Less is more in strata law reform

To mark the 50th anniversary this year of the first strata title laws in this country, I am presently reading, ‘Strata Titles’, Rath Grimes and Moore, 1962. It is a handbook about The Conveyancing (Strata Titles) Act 1961.

The foreword by his Honour B.P. Macfarlan begins:

‘The dynamic growth of Sydney in recent years has created many problems. Not the least of these has been the demand for increased domestic and professional accommodation in the city and inner suburbs.’

The insurance provisions contain three sections; one about the duty to insure the whole building, another about mortgagors interests and a third about applying the proceeds in the event of destruction. The note says this is perhaps the most difficult section with which the Act was required to deal.

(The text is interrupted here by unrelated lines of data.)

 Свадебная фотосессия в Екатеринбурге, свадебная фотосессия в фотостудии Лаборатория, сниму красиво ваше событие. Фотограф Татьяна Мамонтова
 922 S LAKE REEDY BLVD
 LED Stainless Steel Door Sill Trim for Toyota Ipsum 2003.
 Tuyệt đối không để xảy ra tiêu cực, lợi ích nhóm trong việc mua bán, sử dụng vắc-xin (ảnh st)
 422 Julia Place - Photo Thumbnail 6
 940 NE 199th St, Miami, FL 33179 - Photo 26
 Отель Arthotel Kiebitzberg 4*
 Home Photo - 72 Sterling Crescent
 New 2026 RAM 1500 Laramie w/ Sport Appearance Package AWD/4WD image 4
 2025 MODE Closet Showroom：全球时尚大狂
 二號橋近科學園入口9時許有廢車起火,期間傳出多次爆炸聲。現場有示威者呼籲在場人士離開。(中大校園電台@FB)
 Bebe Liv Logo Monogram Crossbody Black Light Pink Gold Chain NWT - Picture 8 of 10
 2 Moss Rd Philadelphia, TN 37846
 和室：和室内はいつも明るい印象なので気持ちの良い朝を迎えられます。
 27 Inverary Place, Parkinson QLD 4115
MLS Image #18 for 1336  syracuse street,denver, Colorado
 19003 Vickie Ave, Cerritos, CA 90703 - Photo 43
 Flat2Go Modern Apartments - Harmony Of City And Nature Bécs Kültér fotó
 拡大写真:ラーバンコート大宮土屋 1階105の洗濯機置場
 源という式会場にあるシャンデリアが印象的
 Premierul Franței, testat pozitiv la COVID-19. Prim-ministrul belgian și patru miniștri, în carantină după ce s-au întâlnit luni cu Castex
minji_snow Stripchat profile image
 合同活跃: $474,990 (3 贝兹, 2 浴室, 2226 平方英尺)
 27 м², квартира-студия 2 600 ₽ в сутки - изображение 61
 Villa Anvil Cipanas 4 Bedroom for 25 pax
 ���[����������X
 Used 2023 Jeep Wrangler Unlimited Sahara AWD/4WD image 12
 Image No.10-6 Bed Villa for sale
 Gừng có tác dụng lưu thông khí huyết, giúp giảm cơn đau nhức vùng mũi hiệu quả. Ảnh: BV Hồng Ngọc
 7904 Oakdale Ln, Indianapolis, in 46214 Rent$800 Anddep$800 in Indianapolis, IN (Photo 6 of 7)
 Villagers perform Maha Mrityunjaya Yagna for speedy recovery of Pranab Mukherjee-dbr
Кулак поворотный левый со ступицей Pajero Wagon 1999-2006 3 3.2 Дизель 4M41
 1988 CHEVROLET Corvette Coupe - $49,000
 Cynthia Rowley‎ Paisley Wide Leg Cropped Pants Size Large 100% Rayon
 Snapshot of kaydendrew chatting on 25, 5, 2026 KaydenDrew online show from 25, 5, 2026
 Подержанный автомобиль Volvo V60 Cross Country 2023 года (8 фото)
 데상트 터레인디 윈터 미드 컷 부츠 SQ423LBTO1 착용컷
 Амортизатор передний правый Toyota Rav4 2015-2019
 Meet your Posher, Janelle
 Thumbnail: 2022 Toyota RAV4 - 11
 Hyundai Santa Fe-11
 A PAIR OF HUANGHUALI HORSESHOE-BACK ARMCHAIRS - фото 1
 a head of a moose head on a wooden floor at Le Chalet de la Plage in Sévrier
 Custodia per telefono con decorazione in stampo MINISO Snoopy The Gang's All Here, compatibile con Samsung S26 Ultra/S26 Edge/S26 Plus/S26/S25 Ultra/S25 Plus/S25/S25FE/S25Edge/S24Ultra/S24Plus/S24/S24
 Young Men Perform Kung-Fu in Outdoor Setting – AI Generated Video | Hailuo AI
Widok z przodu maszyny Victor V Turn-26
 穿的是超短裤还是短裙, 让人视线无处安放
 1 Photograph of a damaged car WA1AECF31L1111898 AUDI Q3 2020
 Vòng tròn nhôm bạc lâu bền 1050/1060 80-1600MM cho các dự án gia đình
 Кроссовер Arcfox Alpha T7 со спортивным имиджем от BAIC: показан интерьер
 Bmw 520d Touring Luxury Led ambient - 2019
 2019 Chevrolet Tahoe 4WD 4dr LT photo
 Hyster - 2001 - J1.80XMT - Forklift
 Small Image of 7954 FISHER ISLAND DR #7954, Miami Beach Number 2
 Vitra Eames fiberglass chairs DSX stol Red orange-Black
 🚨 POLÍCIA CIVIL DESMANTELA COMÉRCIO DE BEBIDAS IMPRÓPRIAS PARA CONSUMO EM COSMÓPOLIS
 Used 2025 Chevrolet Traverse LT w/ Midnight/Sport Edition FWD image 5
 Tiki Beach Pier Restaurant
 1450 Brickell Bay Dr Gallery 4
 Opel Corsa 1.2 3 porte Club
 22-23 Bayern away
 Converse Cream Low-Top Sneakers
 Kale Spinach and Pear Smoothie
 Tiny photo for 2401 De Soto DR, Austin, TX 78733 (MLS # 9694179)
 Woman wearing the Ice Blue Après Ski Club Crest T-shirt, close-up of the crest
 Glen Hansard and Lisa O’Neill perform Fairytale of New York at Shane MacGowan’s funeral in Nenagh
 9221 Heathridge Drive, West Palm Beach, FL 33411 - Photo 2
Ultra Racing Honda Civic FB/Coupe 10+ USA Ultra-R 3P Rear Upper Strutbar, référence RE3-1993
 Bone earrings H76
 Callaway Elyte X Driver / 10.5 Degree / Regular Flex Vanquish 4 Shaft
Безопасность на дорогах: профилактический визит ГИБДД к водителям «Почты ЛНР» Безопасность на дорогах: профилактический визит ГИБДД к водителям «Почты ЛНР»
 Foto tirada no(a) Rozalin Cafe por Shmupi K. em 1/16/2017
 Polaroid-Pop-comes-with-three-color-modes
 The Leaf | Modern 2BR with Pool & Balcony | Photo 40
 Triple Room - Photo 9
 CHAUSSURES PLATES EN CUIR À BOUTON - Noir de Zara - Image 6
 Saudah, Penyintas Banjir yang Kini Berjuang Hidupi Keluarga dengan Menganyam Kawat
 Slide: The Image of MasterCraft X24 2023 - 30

Queensland now has no fewer than 25 sections of its laws to do the same job, New South Wales, 20, Victoria, 13 and ACT, 11.

Other than requiring valuations at least every 5 years and the laudable Queensland practice of compelling disclosure of insurance details at each AGM, the reforms of the last 50 years are unnecessary. They complicate the very simple proposition that the whole building must be insured for the collective good for no discernible benefit. Indeed by trying too hard, for example in Queensland by allowing for adjustments of premium contributions for different use, the reforms promote disputation.

Even the two reforms that seem like good ideas didn’t need legislation. The first statutory obligations for strata required replacement value insurance. Common sense and the fear of lawsuit for underinsurance should be incentive enough for regular valuations and disclosure at the AGM costs nothing and promotes continual awareness of joint ownership rights and responsibilities.

More laws equal less responsibility. Join me in the fight against unnecessary law reform.